NEWCOMBE. Ah, God! Keep them from me! Keep them from me!
JOHN TALBOT. Ha’ done! Ha’ done!
NEWCOMBE. Not that! Not the butt of the muskets! Not that! Not that!
JOHN TALBOT (stifling NEWCOMBE’S outcry with a hand upon his mouth). Wake! You’re dreaming!
DRISCOLL. ’Tis ill luck! ’Tis ill luck comes of such dreaming!
NEWCOMBE. Drogheda! I dreamed I was at Drogheda, where my brother—my brother—they beat out his brains—Cromwell’s men—with their clubbed muskets—they—
(Clings shuddering to JOHN TALBOT.)
FENTON. English officers that serve amongst the Irish—’t is thus that Cromwell uses them!
BUTLER. English officers—aye, like ourselves!
JOHN TALBOT. Be quiet, Kit! You’re far from Drogheda—here at the Bridge of Cashala.

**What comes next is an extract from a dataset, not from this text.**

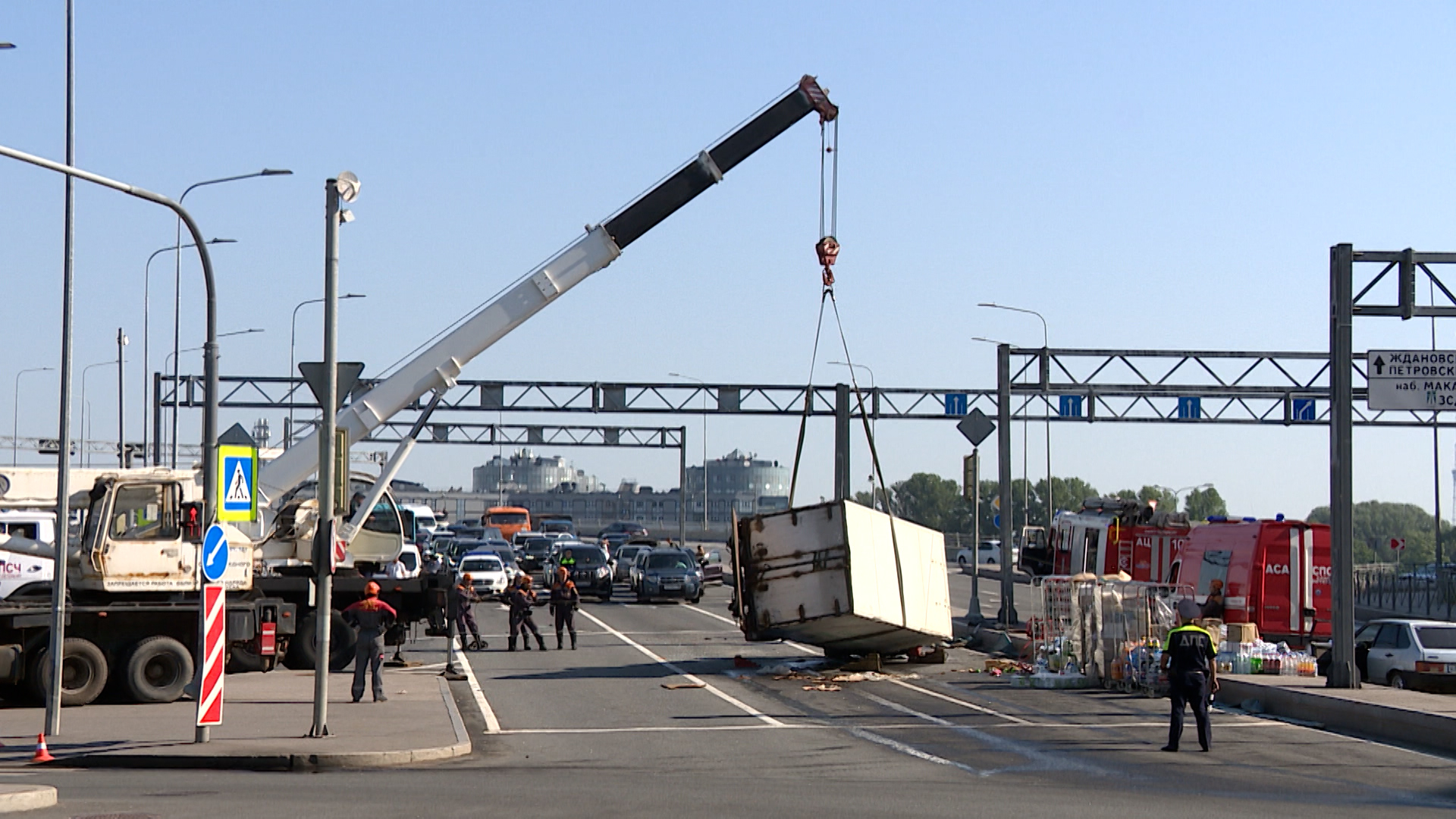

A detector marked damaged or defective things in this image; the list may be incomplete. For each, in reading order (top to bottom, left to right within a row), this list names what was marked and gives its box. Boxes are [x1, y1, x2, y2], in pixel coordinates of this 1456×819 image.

overturned truck body [728, 495, 955, 652]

BUTLER. Aye, safe in Cashala Gatehouse, with
five hundred of
Cromwell’s men sitting down before it.
JOHN TALBOT. Keep your watch, Butler!
NEWCOMBE. You give orders? You still command,
Jack? Where’s
Captain Talbot, then?
(Snatches up his sword and rises.)
BUTLER (quitting the window). Aye, where
is Captain
Talbot?
JOHN TALBOT. You say—
FENTON (rising). We all say it.
JOHN TALBOT. Even thou, Dick?
DRISCOLL. He does not come! Hugh Talbot does not come!
FENTON. He bade us hold the bridge one day. We’ve held it three days now.

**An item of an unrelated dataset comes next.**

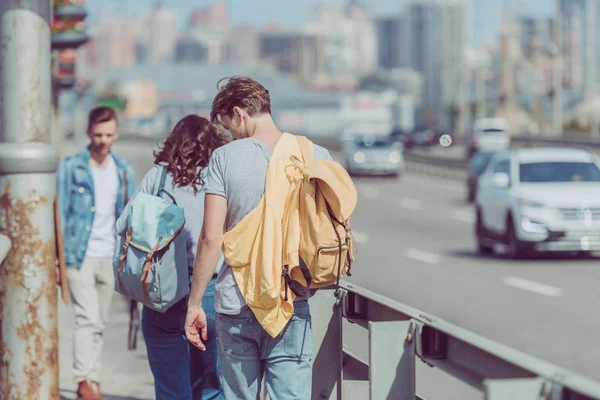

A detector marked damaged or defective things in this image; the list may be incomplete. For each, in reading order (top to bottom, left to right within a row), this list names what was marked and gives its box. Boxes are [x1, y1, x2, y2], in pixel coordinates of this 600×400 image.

rusty pole [0, 1, 61, 398]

BUTLER. And where is Hugh Talbot with the aid he promised?
JOHN TALBOT. He promised. He has never broken faith. He will bring us aid.
FENTON. Aye, if he be living!
DRISCOLL. Living? You mean that he—Och, he’s dead! Hugh Talbot’s dead! And we’re destroyed! We’re destroyed!